Looking ahead, Dr. Flamand outlined the primary goals for Pillar 3 in the months ahead. “The priorities include finalizing ongoing research projects. For instance, Dr. Leclerc’s vaccination and challenge protocol aims to assess the efficacy of the vaccine his team developed against the Omicron XBB.1.5 variant,” says Dr. Flamand.

Dr. Flamand’s work will focus on generating recombinant SARS-CoV-2 to define why certain variants of concern are much more virulent than others.  “We have developed an efficient method to generate recombinant SARS-CoV-2, enabling us to identify which part of the genome contains virulence genes.  Through loss of function, attenuated viruses will be generated to identify virulence factors,” he explained.

Despite these incredible achievements by Pillar 3, Dr. Flamand notes there have also been challenges, particularly the issue of short-term funding.

“We have put immense efforts into building the network and mobilizing Canada’s brightest scientists to work together towards pandemic preparedness. As the network has reached maturity, funding is terminated, resulting in the dismantling of one of the most successful networks in Canada. Without a long-term vision and sustained investments, Canada will be a follower rather than a leader in the fight against pathogens with pandemic potential,” he stressed.

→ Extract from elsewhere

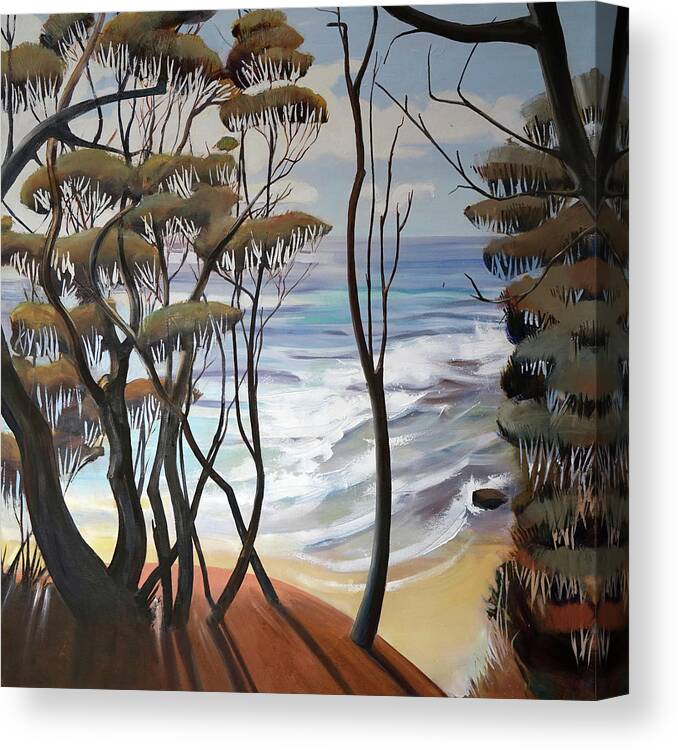 Shirley Peters Canvas Print featuring the painting Through Trees to Coast by Shirley Peters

“Perhaps the greatest success obtained through CoVaRR-Net is the establishment of a functional network of scientists that can be rapidly mobilized to unite their efforts in response to a crisis. I am confident that I can call up pretty much anyone in the field for advice or access to a pathogen and receive a positive response within a short delay. This constitutes one of the greatest achievements made,” Flamand concluded.